Il Cesena di Recanati, il coraggio dei giovani e la lavagna di Ballardini e Rivalta

Il colpo di tacco fuori di un grande giocatore come Melchiorri ha scavato il solco di Recanatese-Cesena 1-2, quel tipo di serata con gli episodi decisivi a favore che aumenta l’autostima. Dopo cambi quasi tutti peggiorativi, arrivare col fiatone alla vittoria dà ancora più valore a tre punti presi in un campo per niente facile. La gara di ieri conferma che a Recanati si divertiranno in pochi (in questo niente di nuovo, nemmeno un genio come Leopardi a suo tempo si sganasciava dalle risate); in più una striscia di 6 vittorie appone a Cesena-Torres l’etichetta di partita da ricordare. Ovviamente non decisiva, ma sarà una delle partite che scriverà la storia del campionato. Come ci arriva il Cesena? A livello mentale, nel migliore modo possibile: ha la consapevolezza di 6 vittorie e di 15 giocatori in gol, in più sta avendo tantissimo da giovani pieni di coraggio e questo è un ottimo segnale.

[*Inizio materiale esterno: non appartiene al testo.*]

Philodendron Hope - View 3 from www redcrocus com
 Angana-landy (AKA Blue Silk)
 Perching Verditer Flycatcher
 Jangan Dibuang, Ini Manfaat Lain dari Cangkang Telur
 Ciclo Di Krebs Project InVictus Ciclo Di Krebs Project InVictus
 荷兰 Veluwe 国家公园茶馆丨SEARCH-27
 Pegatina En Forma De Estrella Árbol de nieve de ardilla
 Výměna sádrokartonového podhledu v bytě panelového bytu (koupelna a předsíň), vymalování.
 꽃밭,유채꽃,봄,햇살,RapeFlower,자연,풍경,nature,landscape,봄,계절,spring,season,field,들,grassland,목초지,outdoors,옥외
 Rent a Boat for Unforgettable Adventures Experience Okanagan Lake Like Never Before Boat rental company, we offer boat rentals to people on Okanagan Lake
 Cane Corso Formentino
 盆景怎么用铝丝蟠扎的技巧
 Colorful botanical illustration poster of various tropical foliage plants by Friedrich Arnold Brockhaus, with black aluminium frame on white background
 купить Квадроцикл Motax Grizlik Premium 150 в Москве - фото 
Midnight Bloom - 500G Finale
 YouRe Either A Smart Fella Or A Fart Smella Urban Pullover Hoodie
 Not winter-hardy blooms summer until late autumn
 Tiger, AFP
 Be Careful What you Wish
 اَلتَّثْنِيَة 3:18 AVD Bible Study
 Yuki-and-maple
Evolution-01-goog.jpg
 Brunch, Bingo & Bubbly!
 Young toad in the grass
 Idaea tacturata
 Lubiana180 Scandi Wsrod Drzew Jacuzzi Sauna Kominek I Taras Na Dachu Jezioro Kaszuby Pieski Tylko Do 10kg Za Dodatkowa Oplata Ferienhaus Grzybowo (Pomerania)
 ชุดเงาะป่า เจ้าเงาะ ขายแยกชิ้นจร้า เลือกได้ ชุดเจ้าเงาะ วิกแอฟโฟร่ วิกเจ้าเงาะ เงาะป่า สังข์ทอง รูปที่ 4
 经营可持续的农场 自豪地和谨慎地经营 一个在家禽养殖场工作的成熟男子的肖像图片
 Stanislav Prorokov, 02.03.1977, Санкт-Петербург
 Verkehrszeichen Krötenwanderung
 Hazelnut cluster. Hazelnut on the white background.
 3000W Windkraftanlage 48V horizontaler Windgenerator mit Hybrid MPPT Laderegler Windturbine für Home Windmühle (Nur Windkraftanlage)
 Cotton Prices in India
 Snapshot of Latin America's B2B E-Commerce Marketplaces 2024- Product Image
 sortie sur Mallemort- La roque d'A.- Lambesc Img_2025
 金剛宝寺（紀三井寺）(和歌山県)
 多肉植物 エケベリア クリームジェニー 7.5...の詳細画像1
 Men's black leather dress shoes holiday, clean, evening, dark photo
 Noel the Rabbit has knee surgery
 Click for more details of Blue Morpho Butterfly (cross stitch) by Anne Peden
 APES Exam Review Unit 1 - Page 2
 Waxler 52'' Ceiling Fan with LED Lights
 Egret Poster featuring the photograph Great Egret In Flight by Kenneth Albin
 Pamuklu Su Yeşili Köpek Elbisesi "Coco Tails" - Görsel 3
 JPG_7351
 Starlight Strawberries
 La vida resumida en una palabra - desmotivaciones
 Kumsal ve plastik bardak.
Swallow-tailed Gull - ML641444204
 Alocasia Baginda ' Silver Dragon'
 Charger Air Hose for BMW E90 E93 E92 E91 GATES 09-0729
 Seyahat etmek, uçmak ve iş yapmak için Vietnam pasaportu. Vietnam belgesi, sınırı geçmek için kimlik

Nei campionati migliori del Cesena, i ragazzi del settore giovanile hanno sempre dato un contributo importante e uno dei lati migliori di questo spicchio di calcio è il rapporto con gli errori dei giocatori cresciuti qui. Non si ricordano fischi quando Emanuele Giaccherini si incapponiva col dribbling o quando Stefano Sensi esagerava con i filtranti in verticale alla Xavi. Erano liberi di crescere e sbagliare grazie anche a un tipo di pubblico che perdona l’errore di chi ha coraggio e non ha pietà per chi si rannicchia sulle sue paure, lasciando strada al Monopoli o al Lecco di turno.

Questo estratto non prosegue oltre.